Risiera San Sabba a poche centinaia di metri da Trieste, tanto vicina che le guardie del campo prendevano l’autobus numero dieci per raggiugerla. Tanto vicina che le SS trasmettevano attraverso gli altoparlanti Lili Marlene a tutto volume per non far udire ai cittadini le urla strazianti dei condannati. Tanto vicina che quando soffiava lo scirocco l’odore acre di carne e capelli bruciati rendeva irrespirabile l’aria in città.
La risiera San Sabba era sotto il controllo di un italiano. Un triestino: Odilo Globočnick. Quello che diresse i lavori dei campi di sterminio di Belzec, Sobibor e Treblinka, per intenderci.
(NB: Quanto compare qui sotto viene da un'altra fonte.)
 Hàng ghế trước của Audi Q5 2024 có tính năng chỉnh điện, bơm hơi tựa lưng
Quello che fu stretto collaboratore e amico fraterno di Reinhard Heydrich conosciuto come il “macellaio di Praga”, quel Reinhard che diresse la conferenza di Wannesse orchestrando la soluzione finale degli ebrei, sempre per intenderci.
In risiera San Sabba i detenuti, ebrei, partigiani, antifascisti, dissidenti politici, rom, ammassati fino a sei nelle celle due metri per due poste al pian terreno, aspettavano la loro ora tenendo d’occhio attraverso lo spioncino il portone verde del “garage della morte”. Una ex autorimessa nella quale veniva immesso gas mediante un apposito automezzo di scarico fatto venire dalla Germania.
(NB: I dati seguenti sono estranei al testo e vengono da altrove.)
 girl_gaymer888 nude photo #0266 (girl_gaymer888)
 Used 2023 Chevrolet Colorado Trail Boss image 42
I corpi gasati, secondo le stime circa cinquemila, venivano poi bruciati nel forno crematorio limitrofo, un tempo essiccatoio del riso poi sapientemente modificato.
Gli altri prigionieri della risiera, circa venticinquemila, vennero smistati tra i campi di Auschwitz, Sobibor, Bergen-Belsen o Ravensbrük.
La ciminiera e l’annesso forno crematorio di San Sabba vennero fatti saltare in aria dalle SS (anche italiane) la notte tra il 29 ed il 30 giugno del1945 nel tentativo di eliminare prove dei loro crimini.
La risiera San Sabba rimase nell’oblio per più di trent’anni, nonostante le numerose denunce di testimoni e sopravvissuti.
Solo nel 1976 le coscienze si svegliano e il 16 febbraio ha inizio il processo per i responsabili dei crimini perpetrati nel campo di sterminio italiano. Ormai però i principali imputati hanno lasciato l’Italia per nazioni più accoglienti: Brasile, Argentina, Venezuela, Cile. Altri sono stati giustiziati dai partigiani e altri ancora morti per cause naturali. Ne rimangono solo due: August Dietrich Aller che sembra sia morto qualche mese prima del processo e Joseph Oberhauser, che continua a vendere birra in Baviera perché gli accordi italo-tedeschi non prevedono estradizione per crimini commessi prima 1948. Il banco degli imputati rimane così vuoto e la condanna all’ergastolo per Oberhauser decade. Morirà sereno, fra le sue birre in Baviera nel 1979.
Giannina Bordignon e le altre cinquemila vittime bruciate nel forno crematorio della Risiera San Sabba non avranno mai giustizia.
Ma i loro resti, mescolati alla cenere che le SS in quegli anni di orrore raccoglievano dal forno riempiendo migliaia di sacchi e riversavano sul litorale triestino, continuano tutt’oggi ad essere rinvenuti.

2 commenti su questo articolo:

  1. Daniela ha detto:

    In Italia? Incredibile…

  2. Filomena ha detto:

    Che tristezza! Ma i libri di storia sono aggiornati?